Is it more important to be 'original' or be 'good'? We all love the notion that we could be innovators.
** here's my late-ish take on this. was beethoven original? (some will say he was no good, but no matter.) after all, he basically built on the groundwork laid by hadyn. mozart, etc. - - he basically used the same technology, he used the same formal constructs . . . but it was what he DID with all of that and how he furthered along in his own vision. i think someone on the list (two/three/four weeks ago, in a different thread) had cited the idea of taking basic trends that are around in one's environment and making them one's own and recombining them in (somewhat) different ways that connected with other people (timeframe and number unspecified). taking off from this idea, maybe the essential crux of the issue is regurgitation versus recombination and injection of one's own "vision" (not to say that one can't fool oneself into thinking that one isn't regurgitating when one is). schubert wasn't particularly "original," but he was "good."
** i also tend to believe in the idea that certain things are in the air. i have friend who mentions having played with a bass player who had many of the "jaco attributes" before jaco hit; when he heard jaco, he was "oh jaco has the same sound as X." but, of course, jaco made it HIS. maybe it's just in the air and there are those who really codify it.
Is Fripp any less influential in either real or theoretical terms because he was taking that which was being caried
out largely in academia and then regurgitating it in a pop context (or even that which was being used in a fringe pop way,
and making it a little more mainstream)?
** under the above criteria: did he make it "his own"? are we just worrying about the tech issue? or is it the name issue?? (i personally feel a more generic, less person-specific name is a better choice.)
I'm a firm believer in credit where it's due, so it would be nice if peope perceived
as innovators were a little more vocal in crediting sources.
** the other side of this is people saying, "oh, you sound like so-and-so" - - or people who want to know "who you sound like" when asking about what you do.
On a small scale, I'm fairly quick to point out to people who have had no other introduction to looping, e-bow, solo bass or whatever else I might be dabbling in at the time that I'm not the only person in the world using those things, and that what I do is a mish-mash of influences, some of whom loop,
** but these are just technology issues, right? they don't really adress the music. do you sound like these people? if not, what of the tech usage????
So is it more important to be original than good? obviously a combination is preferable, but if one is choosing aims and
goals, are either valid? Or is self-expression at any cost the goal? or is it, like the rest of life, driven by the pursuit
of meaning, which seems to have morphed somewhere in the last few years into the pursuit of novelty...
** it all seems pretty relative when you start asking these questions . . .
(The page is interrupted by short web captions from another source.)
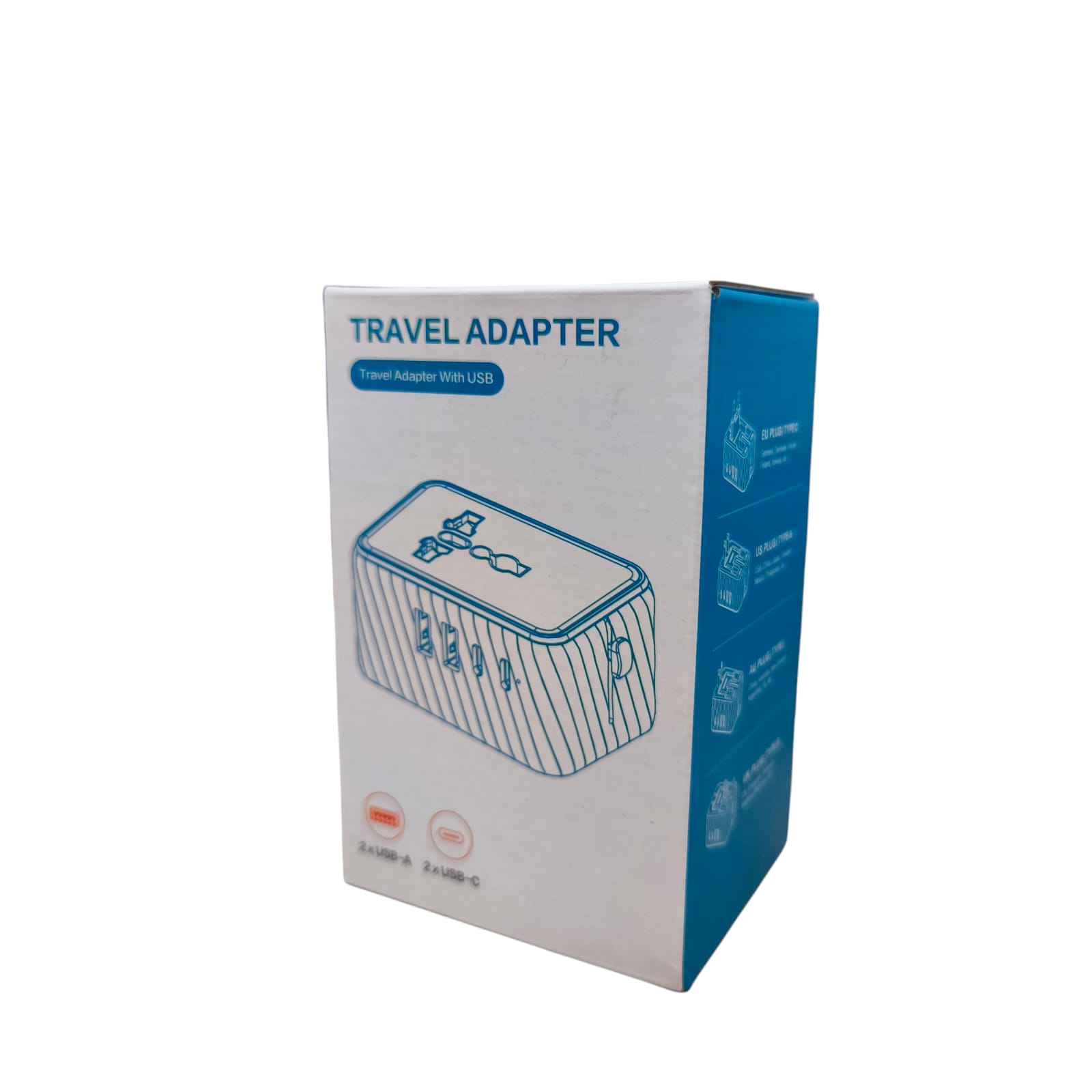 Lesse Universal Travel Adaptor Multi Port USB Type C UK EU USA 3.4A - INU167 Gambar produk Lesse Universal Travel Adaptor Multi Port USB Type C UK EU USA 3.4A - INU167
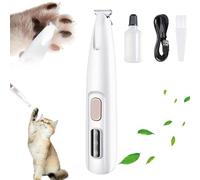 Tondeuse Chat Poils Longs Noeud Nouvelle Mise à Jour en 2026, Tondeuse Patte Chien Entre Coussinets, Coupe Poils Animaux Avec Lumière LED, Rechargeable USB, étanche (1pcs)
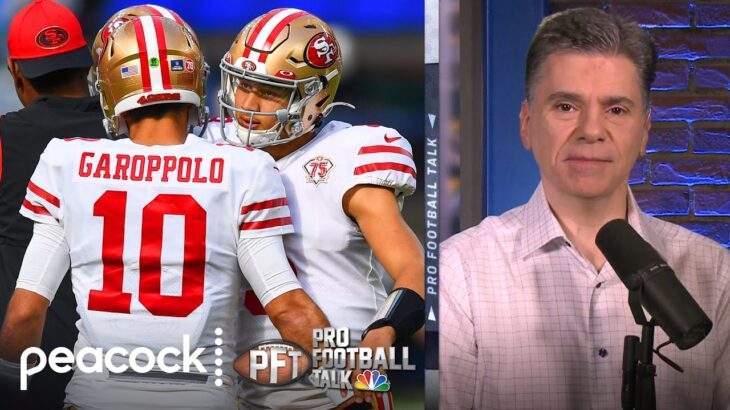 Should Jimmy Garoppolo stay with 49ers, compete vs. Trey Lance? | Pro Football Talk | NBC Sports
* for me, i think a lot of it comes down to the intent of each artist. if i go hear someone play whose music is about the playing - - their technique, their emotion, the "is-ness" (if you get my drift) of their playing - - they better come up with the goods. if i go hear someone whose music is about their writing, well i expect the writing to really say something - - either about how clever they are, their use of form or how much emotion they can wring out of something - - the "is-ness" of the writing. ( i think of someone like 'trane, who i think is more about theplaying than the writing, whereas wayne shorter might be about both.) if the person is supposed to be "original" in either of these presentations, they really better come up with it - - and the final arbiter is gonna be how much of themselves is in their offerings/ideas.
stig
oh yeah, this is confidential, don't steal it!!!!!!!!!!!!!